# New ECDM ..................



## switchbacktrog (May 10, 2013)

A big thanks to all at Ventana and JD Tandems Tandems.co.uk - The UK Tandem Bike Site from JD Tandems - JD Tandems for the build of our new ECDM. The colour is "Champagne" and the frame is a 16"/19" with the top tube length of a 21". It also has the 12mm bolt thru rear axle. The fork still needs to have the travel dropped from 150mm to 130 or 140mm(not decided yet, but probably 130).


----------



## Okayfine (Sep 7, 2010)

Fancy!


----------



## reamer41 (Mar 26, 2007)

Nice!


----------



## Sanchofula (Dec 30, 2007)

Nice ride, 29" or 650b?

I was wondering about the Maxle for the rear end, that's a nice upgrade, for sure a worthy change for a tandem where all that weight can easilly twist the wheel on a normal QR.

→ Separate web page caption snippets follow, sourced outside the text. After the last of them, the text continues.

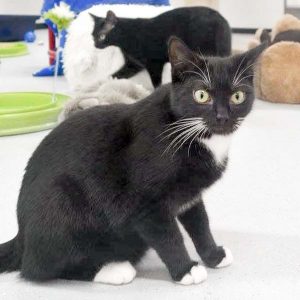 Kater Haru / © 2017 Arche KaNaum (JM)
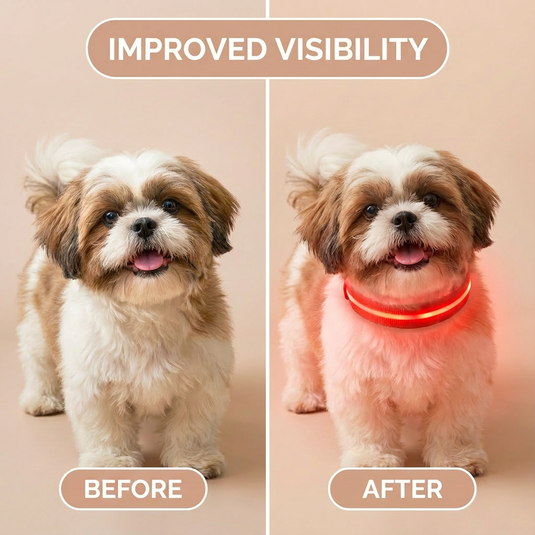Dog wearing a glowing red collar with 'Improved Visibility' text above, on a beige background.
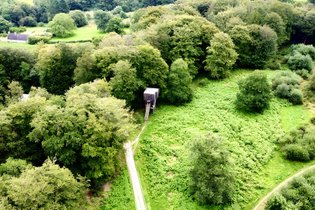 Cabane Spa dans les arbres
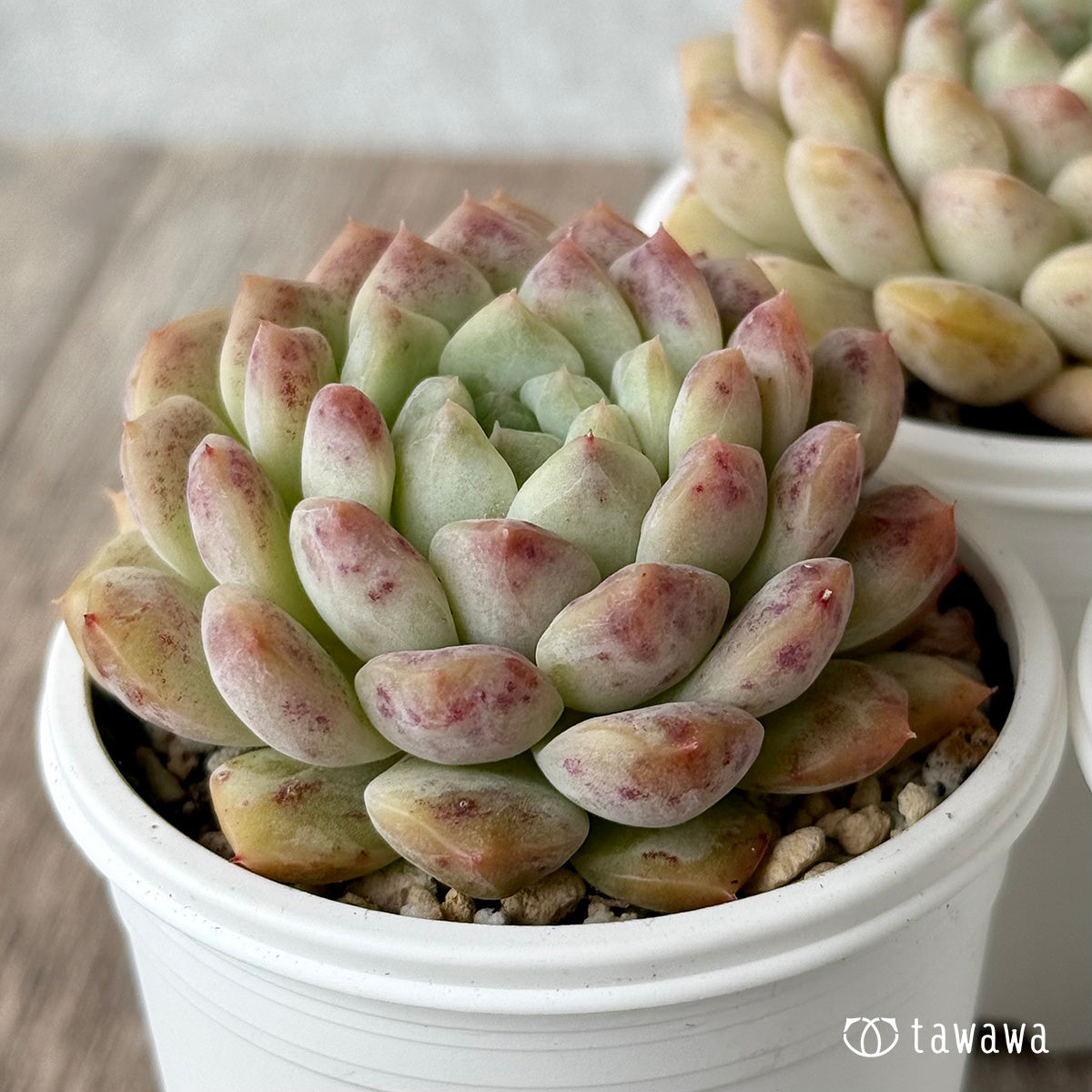 ネオンライト（チャンヒー農園）【tawawaハウス苗】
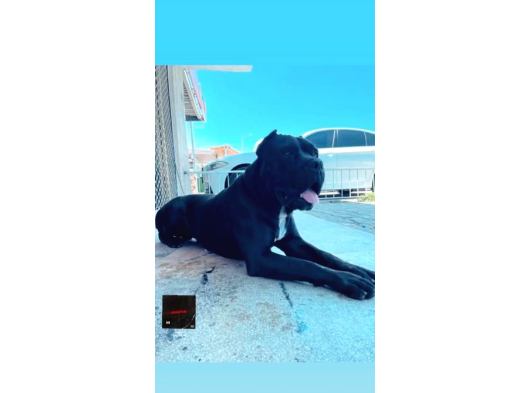 Irk Garanti̇li̇ İtali̇an Masti̇ff - Cane Corso Yavrularimiz görsel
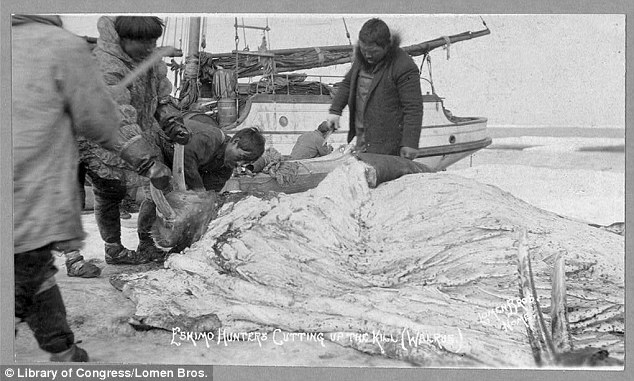 Walrus hunting: Hunters cut up a walrus, its horns seen held by one man seen left, center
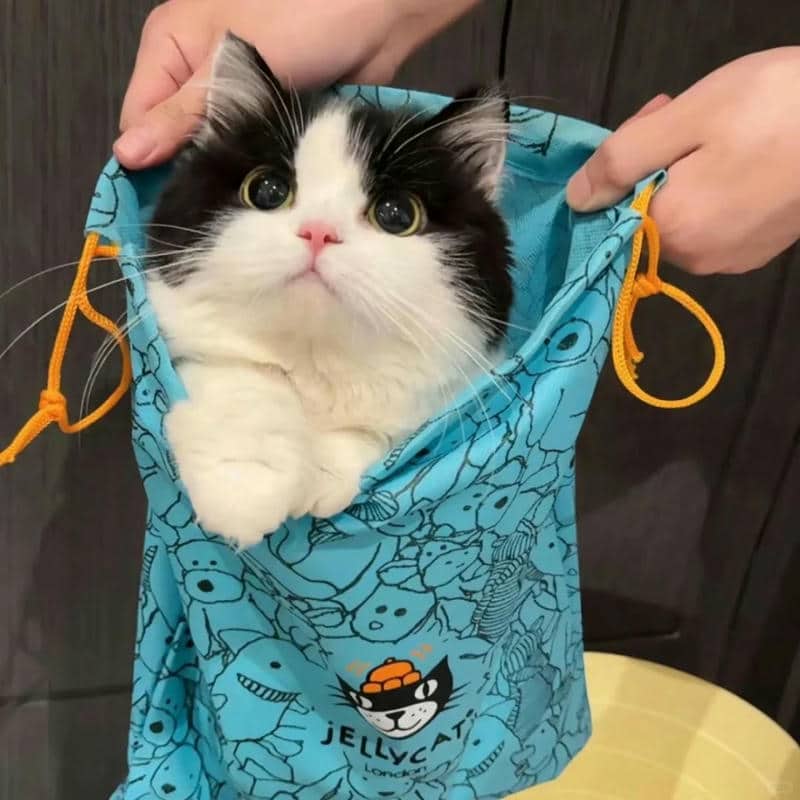 อวาตาร์แมว (15)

We're looking at upgrading from the Fandango, it's lots of dollars, but to improve ride and stoker comfort it's worth it.

We'll get red


----------



## Okayfine (Sep 7, 2010)

Nurse Ben said:


> We'll get red


----------



## switchbacktrog (May 10, 2013)

Nurse Ben said:


> Nice ride, 29" or 650b?


26"...................it probably looks bigger due to the tyres.


----------



## ki5ka (Dec 17, 2006)

How fun is that! Enjoy!


----------



## sportsnapper (Apr 24, 2014)

Looks just great in that colour. Personally, so pleased you've got that as we're really enjoying your old tandem


----------



## XC Mike (Sep 26, 2004)

Nice Lookin' Rig :thumbsup:


----------